The trend towards plant-based protein

plant protein - thrive magazine

One of the major trends in the food and health industries over the last couple of years has definitely been plant based diet and foods. And a lot of focus has been put on plant-based sources of protein to reduce the production and consumption of animal products such as meat and dairy.

In order to deliver nutritious food to all the global growing population, we’ll need to make the food system more sustainable as the current reliance on animal-based protein sources is putting a great strain on the environment. Meat, dairy and egg production is more water, land and greenhouse gas intensive than plants production. It also contributes to pollution through liquid waste discharged into rivers and seas.
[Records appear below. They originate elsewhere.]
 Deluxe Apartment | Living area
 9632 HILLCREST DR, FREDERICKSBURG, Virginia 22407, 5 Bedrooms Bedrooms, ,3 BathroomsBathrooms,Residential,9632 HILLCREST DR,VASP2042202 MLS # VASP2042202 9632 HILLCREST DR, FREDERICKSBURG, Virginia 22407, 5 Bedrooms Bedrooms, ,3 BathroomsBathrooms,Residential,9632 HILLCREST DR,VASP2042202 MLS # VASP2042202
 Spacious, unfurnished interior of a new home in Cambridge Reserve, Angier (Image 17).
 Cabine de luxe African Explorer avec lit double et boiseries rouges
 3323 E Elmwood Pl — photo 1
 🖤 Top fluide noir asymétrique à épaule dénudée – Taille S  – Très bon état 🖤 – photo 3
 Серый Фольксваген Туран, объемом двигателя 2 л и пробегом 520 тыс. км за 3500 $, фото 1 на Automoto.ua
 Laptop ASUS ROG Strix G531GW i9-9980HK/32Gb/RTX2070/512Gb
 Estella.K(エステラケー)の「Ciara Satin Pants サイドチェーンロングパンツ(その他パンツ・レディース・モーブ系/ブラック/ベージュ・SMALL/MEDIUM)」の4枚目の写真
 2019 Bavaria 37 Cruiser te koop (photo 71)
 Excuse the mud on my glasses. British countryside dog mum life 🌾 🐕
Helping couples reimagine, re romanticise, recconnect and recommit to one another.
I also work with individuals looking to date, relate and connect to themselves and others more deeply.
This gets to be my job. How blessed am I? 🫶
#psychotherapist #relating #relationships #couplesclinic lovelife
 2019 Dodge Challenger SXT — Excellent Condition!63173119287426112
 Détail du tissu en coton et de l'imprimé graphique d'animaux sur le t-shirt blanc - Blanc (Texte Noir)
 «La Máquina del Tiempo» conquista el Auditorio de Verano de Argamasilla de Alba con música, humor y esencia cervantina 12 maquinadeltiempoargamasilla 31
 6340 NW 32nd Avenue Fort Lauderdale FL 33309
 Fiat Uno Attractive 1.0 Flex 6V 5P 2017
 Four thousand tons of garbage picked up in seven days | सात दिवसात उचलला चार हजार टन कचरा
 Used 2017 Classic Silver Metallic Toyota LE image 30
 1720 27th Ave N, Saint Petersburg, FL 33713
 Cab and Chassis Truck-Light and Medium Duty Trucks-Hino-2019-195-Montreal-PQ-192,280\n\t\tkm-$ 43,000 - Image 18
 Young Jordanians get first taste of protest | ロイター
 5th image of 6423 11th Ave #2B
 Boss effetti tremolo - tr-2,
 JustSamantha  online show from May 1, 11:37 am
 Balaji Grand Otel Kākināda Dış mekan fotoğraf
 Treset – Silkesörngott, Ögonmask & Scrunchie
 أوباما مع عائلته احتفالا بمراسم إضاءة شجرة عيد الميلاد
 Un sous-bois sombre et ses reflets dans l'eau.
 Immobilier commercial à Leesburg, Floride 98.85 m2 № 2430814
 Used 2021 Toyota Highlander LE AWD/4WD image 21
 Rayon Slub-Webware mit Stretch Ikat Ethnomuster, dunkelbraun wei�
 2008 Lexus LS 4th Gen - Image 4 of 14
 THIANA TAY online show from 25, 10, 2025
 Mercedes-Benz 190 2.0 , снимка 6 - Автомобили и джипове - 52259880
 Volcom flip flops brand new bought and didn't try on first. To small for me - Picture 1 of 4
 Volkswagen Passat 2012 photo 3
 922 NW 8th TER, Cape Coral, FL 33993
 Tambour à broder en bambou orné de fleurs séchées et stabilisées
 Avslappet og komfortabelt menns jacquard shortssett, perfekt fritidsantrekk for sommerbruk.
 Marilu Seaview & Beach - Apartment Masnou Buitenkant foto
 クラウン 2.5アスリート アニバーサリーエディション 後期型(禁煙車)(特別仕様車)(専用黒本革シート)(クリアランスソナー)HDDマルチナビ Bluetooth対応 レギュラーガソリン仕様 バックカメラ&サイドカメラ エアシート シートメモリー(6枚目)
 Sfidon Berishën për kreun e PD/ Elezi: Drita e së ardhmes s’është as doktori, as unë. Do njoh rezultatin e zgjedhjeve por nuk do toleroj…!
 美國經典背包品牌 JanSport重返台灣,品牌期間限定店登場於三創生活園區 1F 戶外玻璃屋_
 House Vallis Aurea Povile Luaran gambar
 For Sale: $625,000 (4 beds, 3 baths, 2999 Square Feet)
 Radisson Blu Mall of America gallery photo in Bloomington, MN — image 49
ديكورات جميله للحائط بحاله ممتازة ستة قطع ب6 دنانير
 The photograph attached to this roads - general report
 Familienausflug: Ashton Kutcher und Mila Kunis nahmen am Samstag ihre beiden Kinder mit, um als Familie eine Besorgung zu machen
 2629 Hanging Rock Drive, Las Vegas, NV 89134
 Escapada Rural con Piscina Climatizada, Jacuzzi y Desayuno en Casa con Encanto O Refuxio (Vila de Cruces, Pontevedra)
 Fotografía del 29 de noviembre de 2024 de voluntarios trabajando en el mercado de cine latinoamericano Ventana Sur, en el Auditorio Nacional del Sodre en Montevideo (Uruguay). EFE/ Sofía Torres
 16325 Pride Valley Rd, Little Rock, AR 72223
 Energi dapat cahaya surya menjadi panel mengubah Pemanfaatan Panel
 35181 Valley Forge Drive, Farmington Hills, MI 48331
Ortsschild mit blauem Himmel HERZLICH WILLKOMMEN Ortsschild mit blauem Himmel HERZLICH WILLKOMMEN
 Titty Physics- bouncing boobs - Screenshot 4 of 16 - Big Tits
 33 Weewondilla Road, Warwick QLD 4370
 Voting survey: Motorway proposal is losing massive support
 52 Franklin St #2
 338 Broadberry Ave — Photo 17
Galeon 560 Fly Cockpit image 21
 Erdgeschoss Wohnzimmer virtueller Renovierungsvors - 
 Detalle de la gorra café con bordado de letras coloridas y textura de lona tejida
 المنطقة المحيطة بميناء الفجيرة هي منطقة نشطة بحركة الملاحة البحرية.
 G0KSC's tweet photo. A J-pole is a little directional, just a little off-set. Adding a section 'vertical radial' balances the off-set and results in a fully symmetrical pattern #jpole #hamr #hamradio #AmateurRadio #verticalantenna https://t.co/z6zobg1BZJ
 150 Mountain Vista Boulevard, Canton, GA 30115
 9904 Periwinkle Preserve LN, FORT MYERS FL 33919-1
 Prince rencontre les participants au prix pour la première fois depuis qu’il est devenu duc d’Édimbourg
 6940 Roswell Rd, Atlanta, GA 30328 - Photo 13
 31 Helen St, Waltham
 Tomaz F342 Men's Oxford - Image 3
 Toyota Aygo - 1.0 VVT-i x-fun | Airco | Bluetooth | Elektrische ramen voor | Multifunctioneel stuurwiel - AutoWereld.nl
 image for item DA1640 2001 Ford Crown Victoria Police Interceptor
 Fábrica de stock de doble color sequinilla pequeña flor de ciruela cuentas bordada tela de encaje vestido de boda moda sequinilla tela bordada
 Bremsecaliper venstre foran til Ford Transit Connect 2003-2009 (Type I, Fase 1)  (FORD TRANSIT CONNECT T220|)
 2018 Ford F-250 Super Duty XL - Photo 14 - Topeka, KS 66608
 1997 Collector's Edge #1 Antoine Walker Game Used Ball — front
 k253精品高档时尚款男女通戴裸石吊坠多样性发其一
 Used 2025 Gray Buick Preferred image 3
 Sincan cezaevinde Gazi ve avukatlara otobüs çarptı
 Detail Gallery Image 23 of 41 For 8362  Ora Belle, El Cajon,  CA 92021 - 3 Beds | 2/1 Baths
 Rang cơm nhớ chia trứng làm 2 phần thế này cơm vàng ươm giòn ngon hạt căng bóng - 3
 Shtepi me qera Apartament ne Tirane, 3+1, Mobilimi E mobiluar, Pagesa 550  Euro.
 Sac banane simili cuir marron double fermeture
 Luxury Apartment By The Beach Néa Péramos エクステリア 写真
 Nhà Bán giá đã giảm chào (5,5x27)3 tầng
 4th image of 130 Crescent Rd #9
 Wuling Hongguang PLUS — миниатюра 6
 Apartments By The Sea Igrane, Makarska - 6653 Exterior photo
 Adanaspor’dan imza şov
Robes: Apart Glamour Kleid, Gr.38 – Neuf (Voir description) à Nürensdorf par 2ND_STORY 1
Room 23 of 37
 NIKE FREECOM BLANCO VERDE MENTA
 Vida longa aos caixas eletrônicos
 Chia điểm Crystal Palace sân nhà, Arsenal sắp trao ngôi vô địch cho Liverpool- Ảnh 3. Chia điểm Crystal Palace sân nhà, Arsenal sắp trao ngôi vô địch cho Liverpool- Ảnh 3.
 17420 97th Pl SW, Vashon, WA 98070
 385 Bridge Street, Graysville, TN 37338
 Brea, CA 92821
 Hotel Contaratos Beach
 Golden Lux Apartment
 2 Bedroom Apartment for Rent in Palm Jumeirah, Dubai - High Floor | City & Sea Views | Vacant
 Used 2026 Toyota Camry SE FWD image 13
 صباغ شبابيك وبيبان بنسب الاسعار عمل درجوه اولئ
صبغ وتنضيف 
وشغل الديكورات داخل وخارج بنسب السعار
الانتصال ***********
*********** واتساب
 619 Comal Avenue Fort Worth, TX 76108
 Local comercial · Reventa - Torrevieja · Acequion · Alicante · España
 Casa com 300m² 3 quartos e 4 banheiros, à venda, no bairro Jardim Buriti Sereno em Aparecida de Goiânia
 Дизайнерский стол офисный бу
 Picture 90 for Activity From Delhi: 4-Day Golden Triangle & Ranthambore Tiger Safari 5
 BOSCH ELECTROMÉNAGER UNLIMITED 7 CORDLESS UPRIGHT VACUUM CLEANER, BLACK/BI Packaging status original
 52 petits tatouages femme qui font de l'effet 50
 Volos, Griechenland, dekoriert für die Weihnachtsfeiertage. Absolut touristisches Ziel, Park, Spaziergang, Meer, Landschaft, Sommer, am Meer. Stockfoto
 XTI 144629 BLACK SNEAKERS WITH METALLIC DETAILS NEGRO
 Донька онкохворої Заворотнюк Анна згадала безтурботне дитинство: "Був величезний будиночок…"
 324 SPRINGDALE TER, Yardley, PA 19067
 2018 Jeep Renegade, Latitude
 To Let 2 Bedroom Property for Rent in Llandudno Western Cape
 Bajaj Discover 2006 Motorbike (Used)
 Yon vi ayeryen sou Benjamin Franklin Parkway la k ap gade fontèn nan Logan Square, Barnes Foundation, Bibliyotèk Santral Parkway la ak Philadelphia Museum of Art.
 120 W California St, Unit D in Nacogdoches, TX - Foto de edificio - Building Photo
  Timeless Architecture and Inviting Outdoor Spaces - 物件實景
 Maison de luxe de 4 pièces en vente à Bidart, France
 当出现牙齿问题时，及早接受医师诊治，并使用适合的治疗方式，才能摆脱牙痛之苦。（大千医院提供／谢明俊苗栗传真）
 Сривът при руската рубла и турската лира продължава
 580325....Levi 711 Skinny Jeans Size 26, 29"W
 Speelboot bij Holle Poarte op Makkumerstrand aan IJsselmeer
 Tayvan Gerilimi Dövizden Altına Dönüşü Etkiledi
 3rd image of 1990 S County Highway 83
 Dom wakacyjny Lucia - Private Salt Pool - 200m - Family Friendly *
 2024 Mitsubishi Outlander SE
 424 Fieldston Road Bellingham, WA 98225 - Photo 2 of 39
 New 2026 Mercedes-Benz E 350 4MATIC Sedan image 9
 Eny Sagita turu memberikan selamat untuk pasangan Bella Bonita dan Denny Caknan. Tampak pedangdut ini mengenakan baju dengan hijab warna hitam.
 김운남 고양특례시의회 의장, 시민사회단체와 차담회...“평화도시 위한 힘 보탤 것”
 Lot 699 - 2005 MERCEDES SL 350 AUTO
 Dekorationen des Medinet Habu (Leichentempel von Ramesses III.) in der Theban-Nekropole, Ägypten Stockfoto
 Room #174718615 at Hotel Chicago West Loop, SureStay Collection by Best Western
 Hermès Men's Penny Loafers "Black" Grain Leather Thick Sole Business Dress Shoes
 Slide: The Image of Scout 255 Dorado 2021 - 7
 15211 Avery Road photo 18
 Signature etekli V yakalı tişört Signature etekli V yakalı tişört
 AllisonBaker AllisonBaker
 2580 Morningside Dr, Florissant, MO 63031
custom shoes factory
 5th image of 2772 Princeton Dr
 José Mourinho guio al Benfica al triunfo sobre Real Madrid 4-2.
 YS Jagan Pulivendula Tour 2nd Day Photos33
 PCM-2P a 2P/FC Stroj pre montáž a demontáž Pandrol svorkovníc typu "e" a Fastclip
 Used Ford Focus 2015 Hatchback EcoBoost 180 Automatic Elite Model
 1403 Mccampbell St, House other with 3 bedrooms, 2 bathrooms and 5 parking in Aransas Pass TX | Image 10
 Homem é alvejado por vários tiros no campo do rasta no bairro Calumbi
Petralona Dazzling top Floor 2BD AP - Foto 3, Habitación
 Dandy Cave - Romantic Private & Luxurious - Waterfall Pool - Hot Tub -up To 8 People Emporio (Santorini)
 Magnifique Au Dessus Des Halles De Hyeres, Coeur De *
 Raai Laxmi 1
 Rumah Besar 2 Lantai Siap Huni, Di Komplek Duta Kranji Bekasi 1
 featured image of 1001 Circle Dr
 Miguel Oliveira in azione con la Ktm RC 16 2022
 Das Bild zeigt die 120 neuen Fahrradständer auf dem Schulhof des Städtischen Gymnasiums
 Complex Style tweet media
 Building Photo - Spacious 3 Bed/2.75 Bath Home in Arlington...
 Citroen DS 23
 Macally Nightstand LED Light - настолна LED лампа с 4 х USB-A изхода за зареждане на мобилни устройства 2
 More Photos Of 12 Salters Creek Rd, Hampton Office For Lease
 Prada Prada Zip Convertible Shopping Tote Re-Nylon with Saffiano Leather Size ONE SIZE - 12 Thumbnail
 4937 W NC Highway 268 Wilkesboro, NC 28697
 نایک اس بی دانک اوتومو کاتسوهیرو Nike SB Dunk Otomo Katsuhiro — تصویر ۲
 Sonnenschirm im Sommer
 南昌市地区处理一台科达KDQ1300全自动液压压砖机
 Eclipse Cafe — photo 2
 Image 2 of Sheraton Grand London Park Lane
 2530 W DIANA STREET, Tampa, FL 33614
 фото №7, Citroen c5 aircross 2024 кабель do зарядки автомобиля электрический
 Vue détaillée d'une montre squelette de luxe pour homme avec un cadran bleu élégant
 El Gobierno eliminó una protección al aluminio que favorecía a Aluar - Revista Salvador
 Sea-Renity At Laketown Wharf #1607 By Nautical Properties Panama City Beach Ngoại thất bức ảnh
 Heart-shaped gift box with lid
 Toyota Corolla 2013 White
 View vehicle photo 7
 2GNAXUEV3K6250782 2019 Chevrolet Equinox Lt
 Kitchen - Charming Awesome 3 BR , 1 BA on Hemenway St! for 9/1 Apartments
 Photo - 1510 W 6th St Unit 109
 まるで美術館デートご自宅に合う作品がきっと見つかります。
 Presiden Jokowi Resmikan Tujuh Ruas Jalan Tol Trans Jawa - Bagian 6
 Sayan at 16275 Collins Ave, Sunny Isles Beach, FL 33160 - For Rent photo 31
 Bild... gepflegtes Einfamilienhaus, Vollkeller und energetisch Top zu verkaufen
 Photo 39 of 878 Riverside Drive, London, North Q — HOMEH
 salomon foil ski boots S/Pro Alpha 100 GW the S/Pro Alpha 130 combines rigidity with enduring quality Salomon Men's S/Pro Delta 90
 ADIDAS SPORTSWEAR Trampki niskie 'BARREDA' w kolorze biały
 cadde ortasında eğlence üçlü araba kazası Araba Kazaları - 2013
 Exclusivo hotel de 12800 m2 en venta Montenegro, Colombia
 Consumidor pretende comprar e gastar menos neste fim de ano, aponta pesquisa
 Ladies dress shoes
There are several factors that are contributing to the rise in popularity of plant-based proteins. One of the main ones is certainly sustainability and environmental concerns. Climate change and the urgent measures needed to slow its speed have taken centre stage in recent years and is one factor driving consumers to switch to a more plant-based diet. The production of plant-based meat alternatives to contribute 10 times fewer greenhouse emissions than equivalent beef-based products while animal farming currently contributes to 60% of global greenhouse gases emissions. A decline in meat and dairy consumption has been widely reported as one of the main actions to lower our impact on the environment and substantially reduce pollution and gas emissions.

Another element that plays a big role in the movement towards plant-based diets and protein sources is the increased awareness on the benefits that they can have, not only on the health of the planet, but on our own health. A well-planned plant based or plant predominant diet that meets all of our nutrient requirements, seems to have positive effects on lowering the risks of lifestyle and diet driven conditions such as cardiovascular disease, hypertension and diabetes type 2. And as plant-based options become more popular, accessible and affordable choosing to reduce meat and dairy consumption feels like a great step to take to support physical and mental health for many people. This doesn’t necessarily mean adopting a vegan diet but simply centre the diet around plants and make meat and dairy occasional foods instead of a staple following what has been renamed a “flexi-tarian” diet.
Plus, the recent advancements in technology have made meat alternatives derived from soy, wheat, pea, nuts not only more sustainable but quite similar in taste to meat, being able to appeal to a wider audience. Main supermarkets and fast food chains have brought out their own-label lines of plant-based burgers, sausages, frozen meals to attract a wider audience and ride the vegan/plant-based trend with a huge positive feedback translating in higher sales. Think about the major burger chains offering veggie burgers that have received the same appraisal as the meat-based counterparts or huge dairy companies acquiring major producers of plant-based alternatives.

Plant based proteins are definitely a food market and health trend that won’t slow down anytime soon.

Plant based proteins are definitely a food market and health trend that won’t slow down anytime soon. Especially as the available options keep growing. There are meat substitutes based on soya/pea protein, wheat gluten (seitan) that resemble meat in texture and flavour which are quite useful for restaurants/cafes to adapt their existing recipes and offer classics with a plant-based twist. Good to attract new customers but also regulars inviting them to try a different variation of their favourite.

One of the most recent trends in the faux-meats space has been jackfruit. Whilst it’s not necessarily a great source of protein, it works really well to resemble the pulled pork/shredded chicken tex-ture in ready meals and menu options.

Of course, plant based protein sources don’t only involve substitutes or more processed forms but also include the humble legumes (like beans, chickpeas, lentils, peas, peanuts), whole grains (like oats, buckwheat, quinoa, wheat), nuts and seeds (for example, almonds, cashews, walnuts) and algae like chlorella, spirulina and other types of seaweeds. These are not only cheaper but also highly nutritious containing essential vitamins, minerals and amino acids.

Some sources such as quinoa or hemp are regarded as “complete” meaning that they contain all the 9 essential amino acids that are always found in animal products while others aren’t, in the sense that they don’t include all of the essential amino acids but by having varied sources of plant proteins in your meals over the course of a day, you’ll be able to hit all the essential nutrients requirements.

In terms of sustainability, there are some plant-based protein sources that use the least amount of resources which will certainly be a great focus of interest in the coming years as health and environmental consciousness will become driving factors of both people’s and companies demands and offerings.

Among these are peas, quinoa, lentils, rice, beans, spirulina, hemp and chia seeds. Definitely start experimenting with them and make this trend towards plant-based protein sources a part of your lifestyle too.